If you could justify why shim6 isn't sufficient for your network, and receive PI space... I'd have zero objections to anything shim6 wanted to do.
Actually that's not the worst idea ever. The main problem would be coming objective criteria that determine shim6-insufficientness and of course the bar must be sufficiently high that we don't have to worry about excessive numbers of PI prefixes in the IPv6 global routing table.

Unless we start now working on getting people moved to IPv6, the pain of running out of IPv4 before IPv6 has reached critical mass is going to be much much worse than a long term problem of IPv6 route size.
I disagree. You assume that IPv6 will be able to gain critical mass before IPv4 addresses run out. I don't think that will happen, because of the chicken/egg problem. "Running out" is a relative term. John Klensin says we've effictively already run out because IPv4 addresses are too hard to get for some applications. That may be true but people aren't turning to IPv6 (yet) to run those applications. My prediction is that we'll see interesting things happen when the remaining IPv4 address suppy < 3 * addresses used per year. That will probably happen around the end of this decade. At that point, there is likely to be hoarding and/or the allocation policies will become stricter, and people will start to think about a future where it's no longer possible to get IPv4 addresses.

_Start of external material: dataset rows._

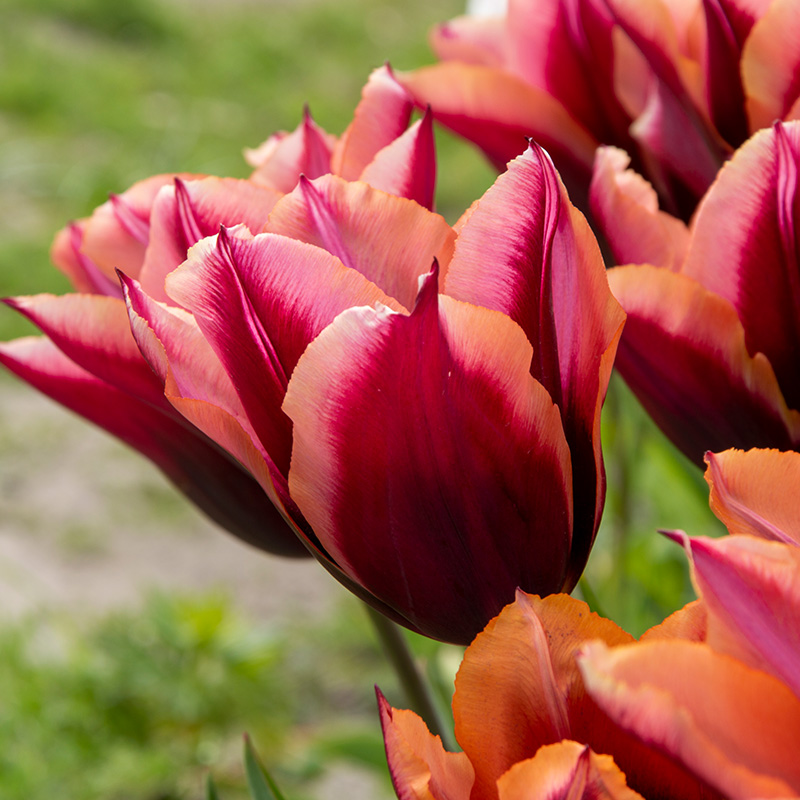 Tulp Slawa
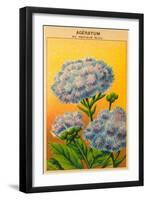 French Ageratum Seed Packet-null-Framed Art Print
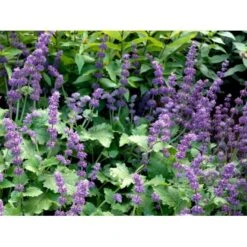 Kranssalvie Salvia Verticillata 'Purple Rain' 1 Liter Potte 5 Kranssalvie Salvia Verticillata 'Purple Rain' 1 Liter Potte -Plantetorvet Butik mi2298 salvia verticillata purple rain 1d26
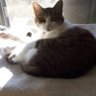 えくさ 的头像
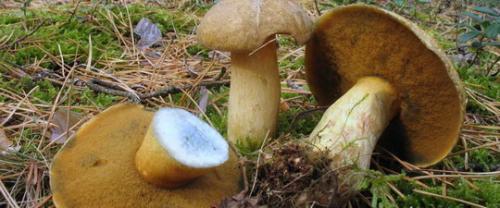 Какие грибы растут в хвойном лесу. Распространенные грибы сосновых лесов. 05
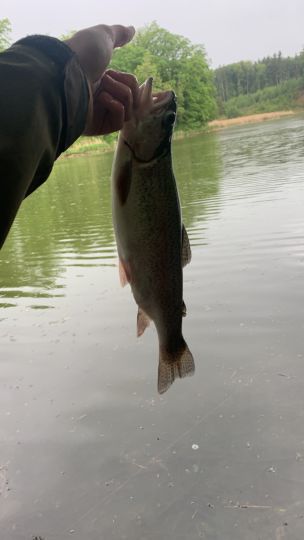 Regenbogenforelle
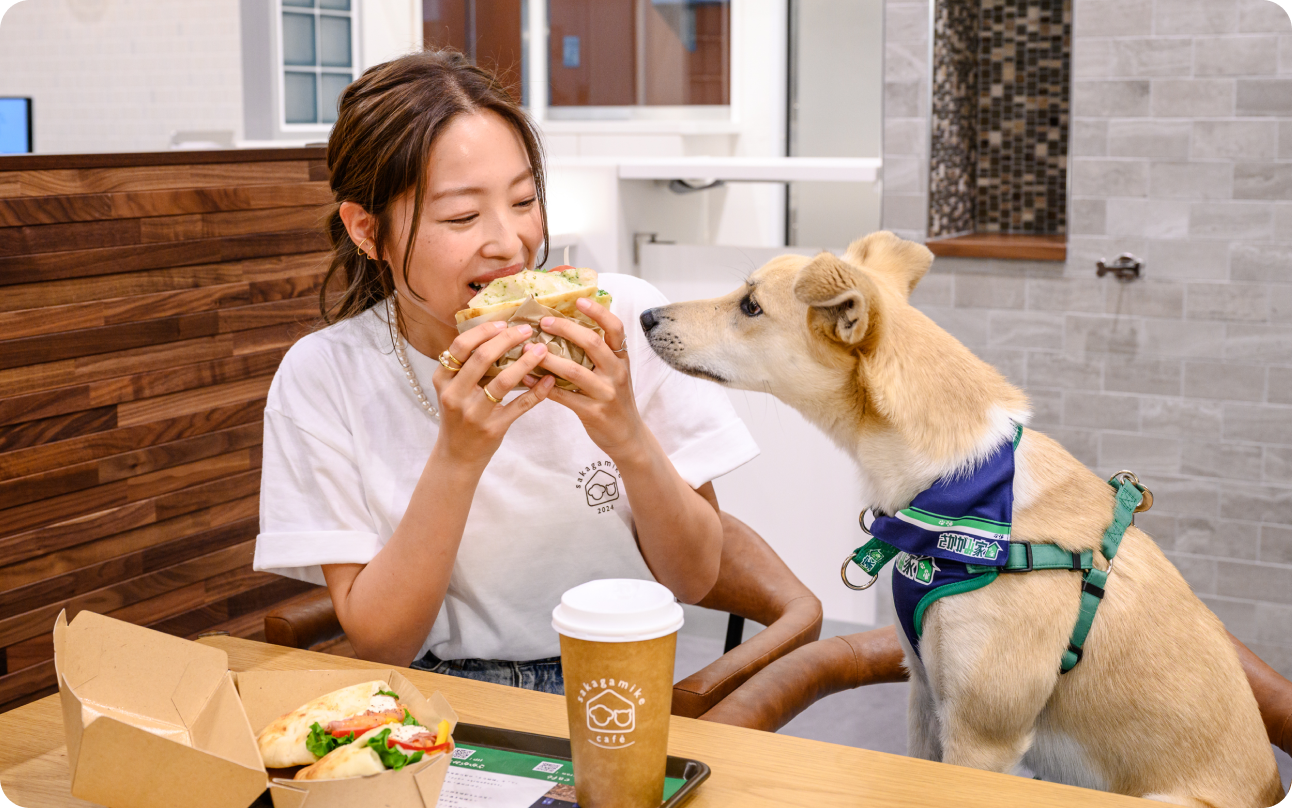 カフェ店内イメージ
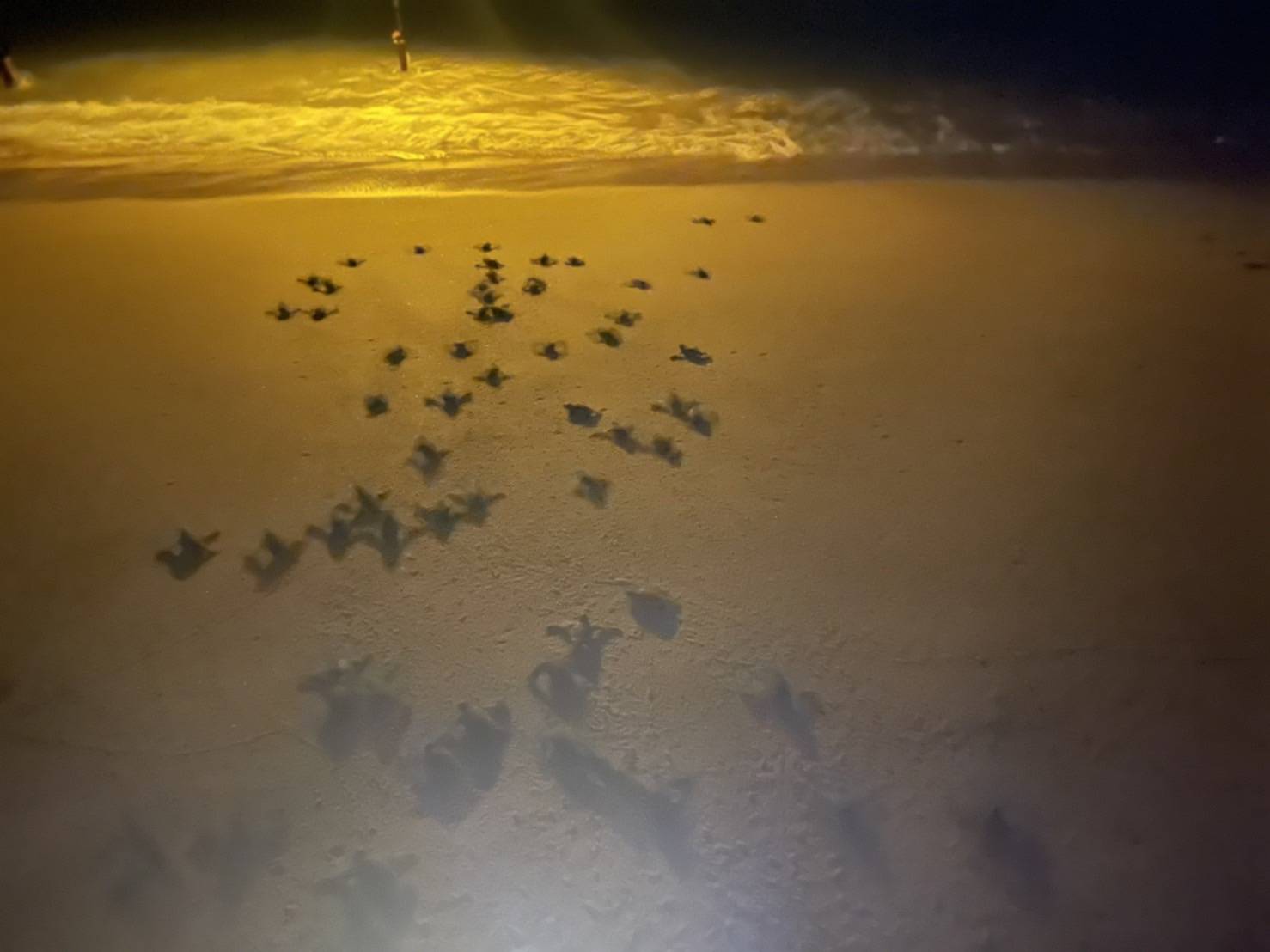 ลูกเต่ามะเฟืองรังที่ 4 ชายหาดบางขวัญ​ พังงาฟักออกจากไข่และกลับสู่ทะเล​แล้ว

At this point, there will still be time to migrate.

If we screw up the routing table real good on the other hand, we're in trouble immediately and it will be both expensive to do nothing and to fix it.

The question of IPv6 migration and IPv6 route size are *two different problems*. Solve them independently or neither will get solved. We can't try to force our views of how the internet should work on networks when we've already got a fight on our hands just convincing them to deploy IPv6 at all.
I see this differently: as long as people are postponing deployment, we have the opportunity to improve IPv6 without too much trouble. So not having significant deployment isn't such a bad thing, as long as it's clear that IPv6 is inevitable. As long as we're debating whether IPv6 will be deployed at all we're wasting time. In another year or maybe two that debate will probably be over, though.